Lightning-AI / pytorch-lightning

Pretrain, finetune ANY AI model of ANY size on multiple GPUs, TPUs with zero code changes.
https://lightning.ai
Apache License 2.0
28.35k stars 3.39k forks source link

Cannot call self.log in evaluation_hooks after using trainer.predict, even if using a new trainer object. #19101

Open bw4sz opened 11 months ago

bw4sz commented 11 months ago

Bug description

There has been alot of discussion around logging, trainer.predict, evaluation hooks and callbacks. I think I can boil this down to a reproducible example that will be useful for the community.

What has been discussed so far.

https://github.com/Lightning-AI/pytorch-lightning/issues/10365 https://github.com/Lightning-AI/pytorch-lightning/discussions/16258 (where I started the example below) https://github.com/Lightning-AI/pytorch-lightning/issues/16822 https://github.com/Lightning-AI/pytorch-lightning/issues/7333

From these links, there is no clear guidance between using trainer.predict_step() and trainer.predict in why one can use logging and the other cannot. This is flirting with being a bug, but appears to be intended behavior from the comment below.

We are not inside a predict hook, we are inside a evaluation_hook. We did use trainer.predict, with all of its great functionality, to generate a set of predictions.

Expected behavior

I understand from the above issues as stated by @carmocca (https://github.com/Lightning-AI/pytorch-lightning/issues/7333#issuecomment-1027107255) that we cannot overwrite the trainer state.
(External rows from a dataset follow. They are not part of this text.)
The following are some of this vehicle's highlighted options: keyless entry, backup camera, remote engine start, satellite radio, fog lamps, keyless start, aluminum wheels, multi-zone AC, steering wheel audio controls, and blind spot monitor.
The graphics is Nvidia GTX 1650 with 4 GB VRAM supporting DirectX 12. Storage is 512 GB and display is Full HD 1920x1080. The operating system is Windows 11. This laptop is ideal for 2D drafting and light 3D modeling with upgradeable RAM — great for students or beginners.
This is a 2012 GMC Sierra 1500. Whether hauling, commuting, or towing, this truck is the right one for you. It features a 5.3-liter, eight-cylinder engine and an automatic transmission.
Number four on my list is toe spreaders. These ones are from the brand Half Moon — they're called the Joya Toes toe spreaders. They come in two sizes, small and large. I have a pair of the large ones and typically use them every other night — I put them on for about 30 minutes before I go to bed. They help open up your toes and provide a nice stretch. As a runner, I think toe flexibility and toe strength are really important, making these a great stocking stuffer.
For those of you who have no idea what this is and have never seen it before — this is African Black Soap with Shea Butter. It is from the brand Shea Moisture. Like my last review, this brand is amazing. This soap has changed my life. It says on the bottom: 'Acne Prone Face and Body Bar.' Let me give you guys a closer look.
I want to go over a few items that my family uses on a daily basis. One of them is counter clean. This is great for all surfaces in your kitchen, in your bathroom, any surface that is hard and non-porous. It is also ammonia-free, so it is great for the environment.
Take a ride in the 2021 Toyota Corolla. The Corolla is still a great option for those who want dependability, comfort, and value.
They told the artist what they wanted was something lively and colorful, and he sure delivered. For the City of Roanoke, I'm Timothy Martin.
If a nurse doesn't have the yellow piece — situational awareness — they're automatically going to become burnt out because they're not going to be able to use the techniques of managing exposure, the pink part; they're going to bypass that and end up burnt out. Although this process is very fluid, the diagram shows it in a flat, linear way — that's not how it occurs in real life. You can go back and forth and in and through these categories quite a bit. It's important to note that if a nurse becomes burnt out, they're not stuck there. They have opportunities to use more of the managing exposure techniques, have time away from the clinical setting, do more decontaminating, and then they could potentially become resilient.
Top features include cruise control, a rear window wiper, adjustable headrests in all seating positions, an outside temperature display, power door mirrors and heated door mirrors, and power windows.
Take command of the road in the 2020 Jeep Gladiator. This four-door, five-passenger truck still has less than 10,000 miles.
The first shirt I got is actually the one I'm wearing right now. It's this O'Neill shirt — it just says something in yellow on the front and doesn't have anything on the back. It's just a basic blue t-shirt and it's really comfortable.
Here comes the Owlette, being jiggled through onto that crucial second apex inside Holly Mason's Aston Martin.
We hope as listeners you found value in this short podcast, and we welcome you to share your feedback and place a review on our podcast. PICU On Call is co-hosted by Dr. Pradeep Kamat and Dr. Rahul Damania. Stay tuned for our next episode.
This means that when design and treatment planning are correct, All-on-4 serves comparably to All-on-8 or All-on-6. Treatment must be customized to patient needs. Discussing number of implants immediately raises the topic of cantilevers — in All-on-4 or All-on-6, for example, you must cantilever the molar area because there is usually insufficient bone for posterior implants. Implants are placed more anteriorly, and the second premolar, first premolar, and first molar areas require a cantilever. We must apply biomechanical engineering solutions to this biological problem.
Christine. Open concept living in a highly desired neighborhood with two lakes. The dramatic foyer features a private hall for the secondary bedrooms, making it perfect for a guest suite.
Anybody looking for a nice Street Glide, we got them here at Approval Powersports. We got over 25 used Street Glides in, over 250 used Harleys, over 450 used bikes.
Why doesn't this work with a new trainer?

What version are you seeing the problem on?

v2.1

How to reproduce the bug

import os
import torch
from pytorch_lightning import Trainer
from pytorch_lightning.demos.boring_classes import BoringModel

class MyModel(BoringModel):
    def on_validation_epoch_end(self):
        if self.trainer.sanity_checking:  # optional skip
            return
        print("Start predicting!")
        for i, batch in enumerate(self.predict_dataloader()):
            batch = self.transfer_batch_to_device(batch, self.device, dataloader_idx=0)
            out = self.predict_step(batch, i)
            print(i, out)

        self.log("metric", 1.0)

    def configure_optimizers(self):
        return torch.optim.SGD(self.layer.parameters(), lr=0.1)

def run_predict_step():
    model = MyModel()
    trainer = Trainer(
        default_root_dir=os.getcwd(),
        accelerator="auto",
        limit_train_batches=1,
        limit_val_batches=1,
        fast_dev_run=True,
        max_epochs=1,
        enable_model_summary=False,
    )
    trainer.fit(model)

class MyModel2(BoringModel):
    def on_validation_epoch_end(self):
        if self.trainer.sanity_checking:  # optional skip
            return
        print("Start predicting!")
        dataloader = self.predict_dataloader()

        new_trainer = Trainer(
        default_root_dir=os.getcwd(),
        accelerator="auto",
        limit_train_batches=1,
        limit_val_batches=1,
        fast_dev_run=True,
        max_epochs=1,
        enable_model_summary=False)

        new_trainer.predict(self, dataloaders=dataloader)

        self.log("metric", 1.0)

    def configure_optimizers(self):
        return torch.optim.SGD(self.layer.parameters(), lr=0.1)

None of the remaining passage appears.